Here are factors to consider before pursuing bankruptcy to get out of debt.
Pros of filing bankruptcy:
· Halt foreclosure
· Creditors and collection agencies must stop contacting you
· Keep your car from being repossessed
· You may be able to keep most of your assets
· May eliminate most — if not all — your unsecured debt
Cons to filing bankruptcy:
· Expensive
· Stays on your credit report between seven and 10 years
· May be difficult to rent or get credit
· Bankruptcy may not discharge all debt
· Could limit future employment opportunities
Bankruptcy is not a decision to be taken lightly. While it may get you out of a jam in the short term, there are long-term implications to going bankrupt.
Dig yourself out of debt – for good!
Debt is tough to deal with. Debt wreaks havoc on your finances and takes an emotional toll on you and your family. Sometimes, it may seem like each monthly payment you make gets eaten up by interest and fees.
But even if you feel like you are drowning in debt, some strategies can help you pay down what you owe. Taking control of your finances isn’t easy, but you can do it. Whether it is keeping a watchful eye on what you spend or making extra payments, there are ways to get out of debt.
What’s the average debt per person?
In 2021, the average consumer debt balance was $96,371.

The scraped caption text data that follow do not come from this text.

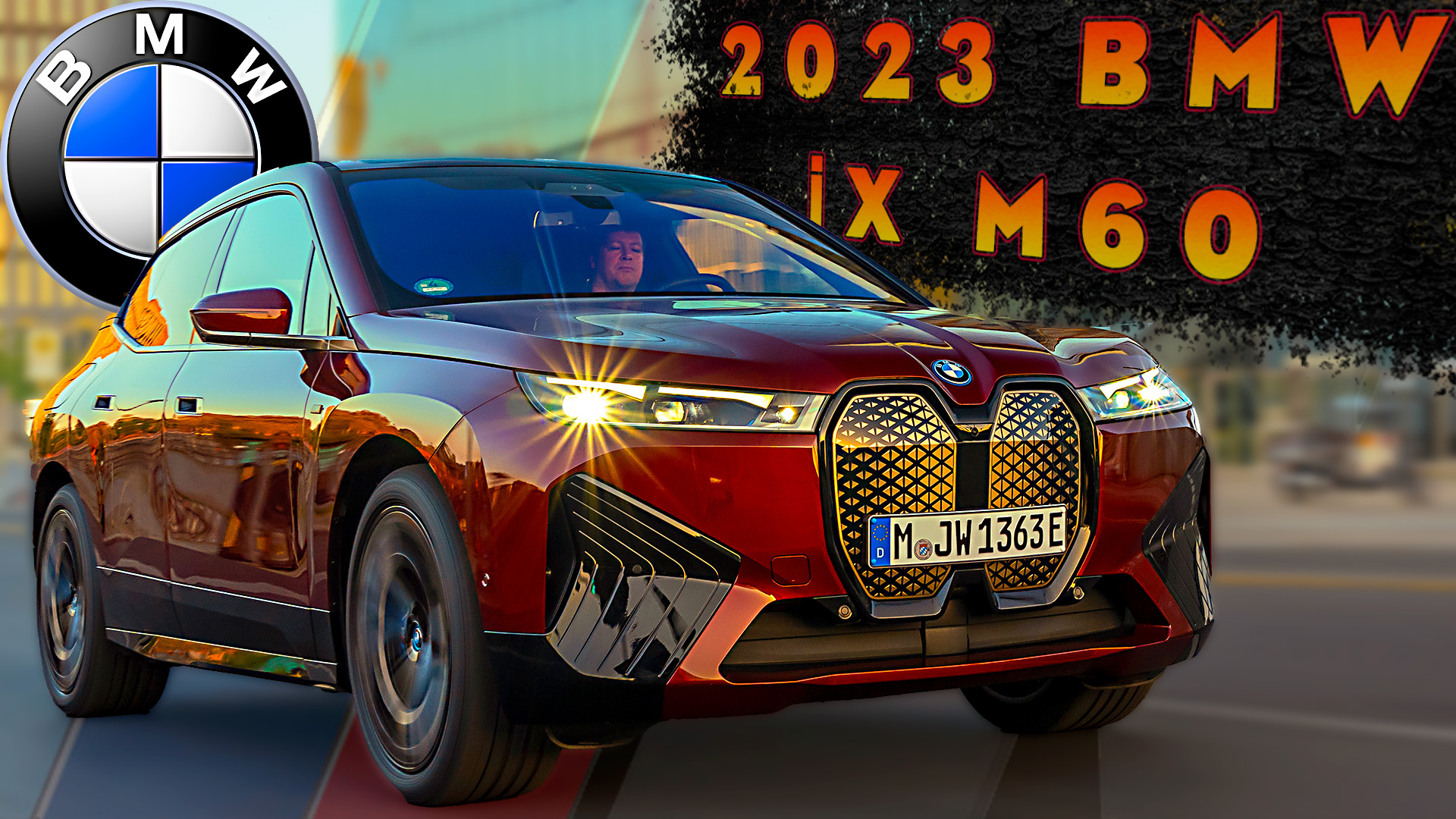 2023 BMW iX M60 - Интерьер! смотреть онлайн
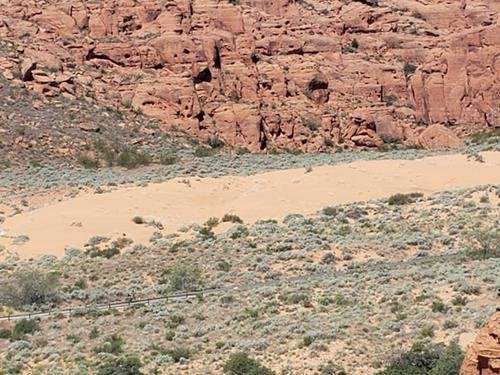 Snow Canyon sand dunes were scenes in movies Jeramiah Johnson and Butch Cassidy and the Sundance Kid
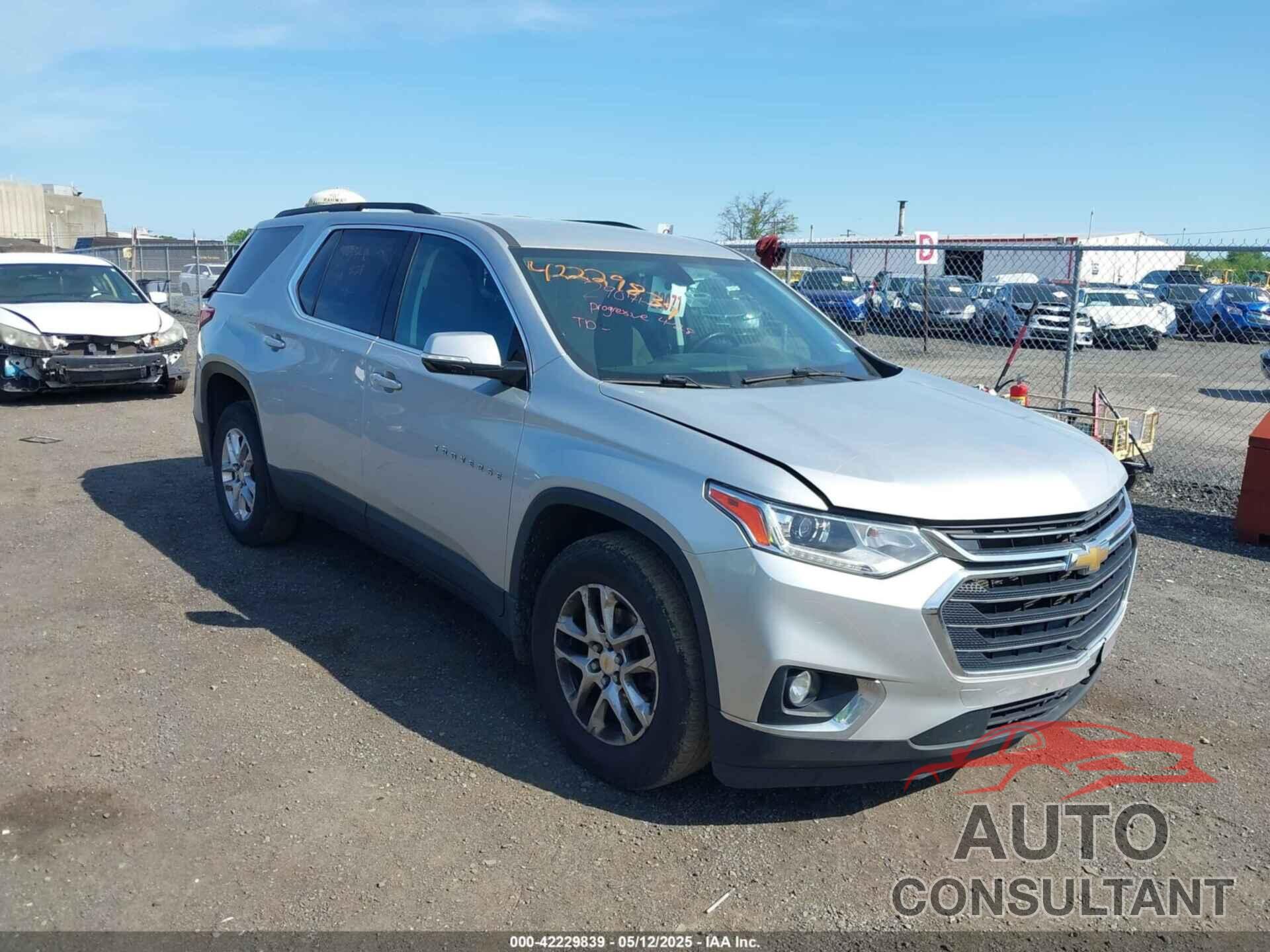 CHEVROLET TRAVERSE 2020 - 1GNEVGKW9LJ108558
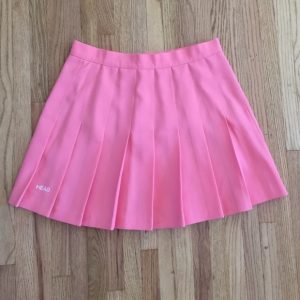 Pink Tennis Skirt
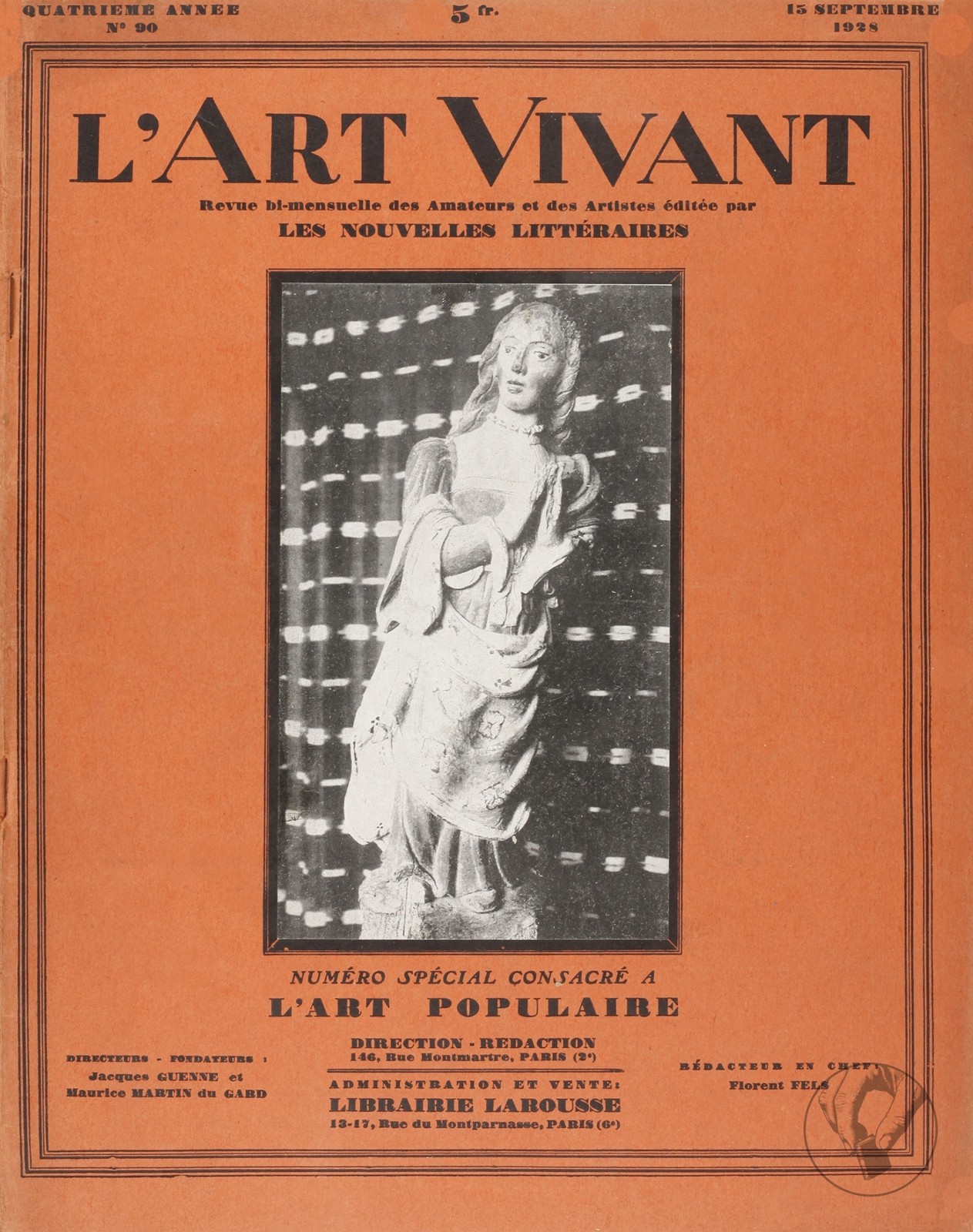 L'Art vivant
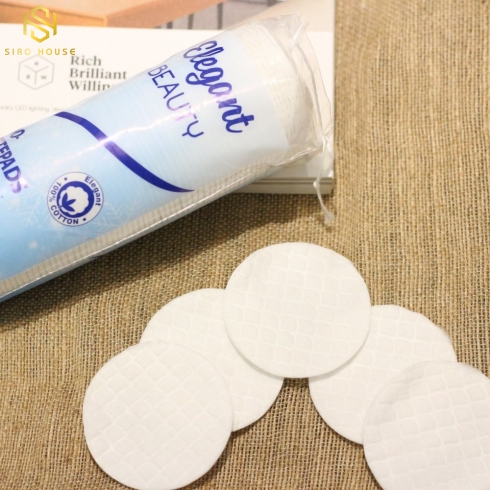 Bông tẩy trang ELEGANT Beauty 140miếng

What’s a debt-management plan?
Under a debt management plan, you make one monthly payment to cover your unsecured debt. A debt management plan is not a loan but can make it easier to repay your debt.
Is debt settlement a good idea?
A debt settlement company negotiates a lump-sum settlement to clear your debt. Offering a lump-sum settlement can help get your debt under control. However, debt settlement is costly, and there is no guarantee that every creditor will accept your terms.